Estos personajes, abandonados de la vida, emitían mensajes tales como lo caro que a uno de ellos le resultaba llenar el depósito de su cayenne, que le salía más a cuenta tomar un avión para visitar a sus hijos durante el fin de semana que fijaba la custodia compartida. Asentados en el reflejo pálido de sus vidas, ubicado en la cresta de la ola del éxito del mercado laboral, no podían percatarse de que realmente se estaban moviendo a horcajadas de la cresta de un gallo de corral que solo cacarea cuando sale el sol.
Tal vez, para ser conscientes de ello, necesitarían leer a Houellebecq o a Beigbeder, en lugar de los mensajes insultantemente soft de Paulo Cohelo o Jorge Bucay, o las novelitas de Federico Moccia, compradas en arrebatos consumistas que sustituyen todos esos orgasmos pendientes.
En esas mesas, en ese restaurante, todos han aprendido a mentir y a mentirse sobre ellos mismos para no percibir el vertedero del campo de batalla, ampliado hasta abarcar el cosmos entero, en donde han construido sus nidos.
Termino mi comida.
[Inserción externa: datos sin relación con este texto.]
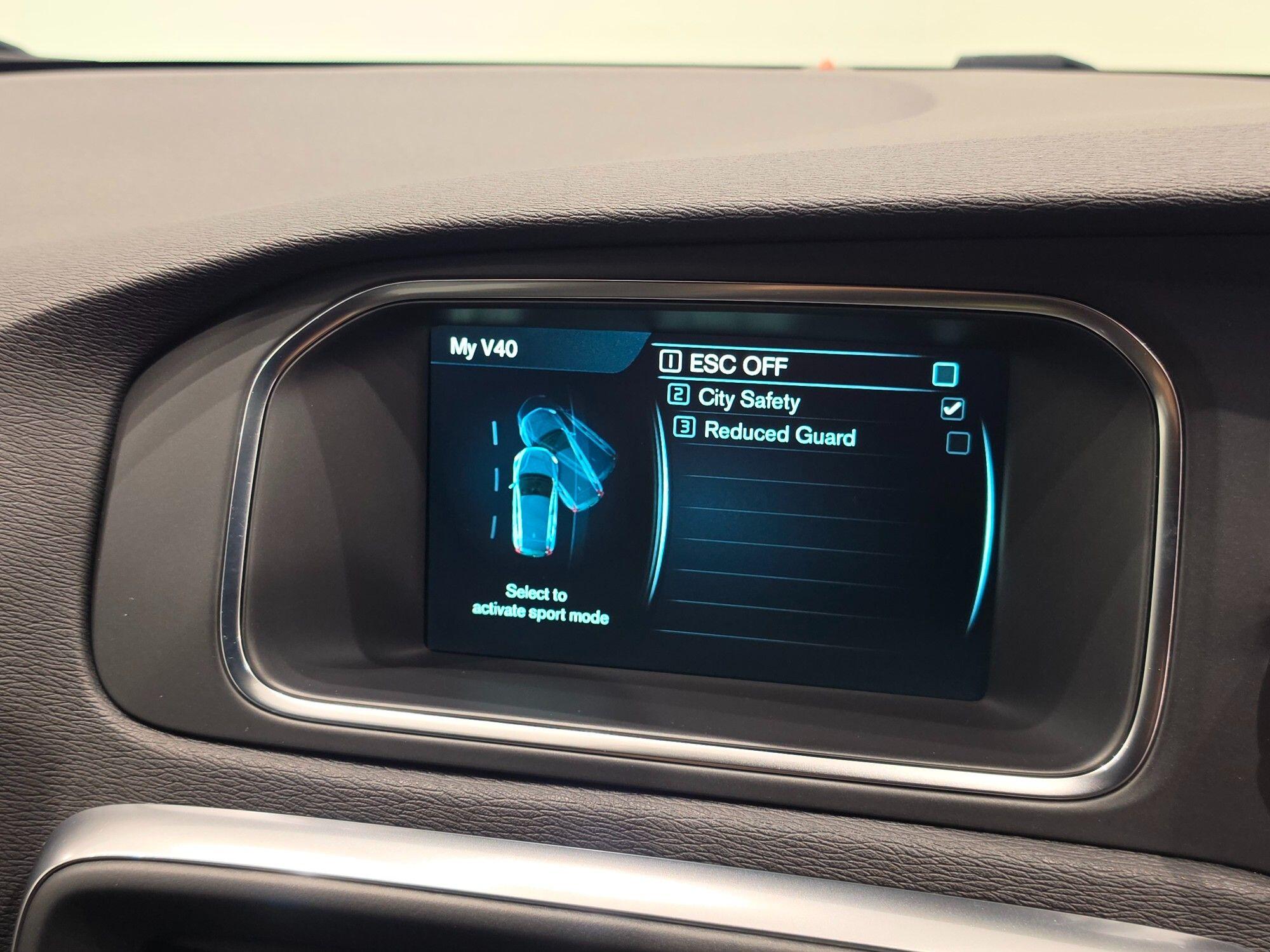 Volvo V40 view 31
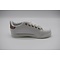 witte sneaker met champagne versiering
Pienso que nunca me fue tan útil como ahora la lectura del libro de Adam Soboczynski, El arte de no decir la verdad (Anagrama), porque es el único motivo que me impide, sociópata de mí, no llevar a cabo allí mismo una declaración a voces de lo que opino de todos ellos. El campo de batalla se ha ampliado hasta los mantelillos y las mesitas del menú del día… Pero me contengo. Al fin y al cabo soy un apestado y conozco mis limitaciones.
Me marcho sin dejar propina.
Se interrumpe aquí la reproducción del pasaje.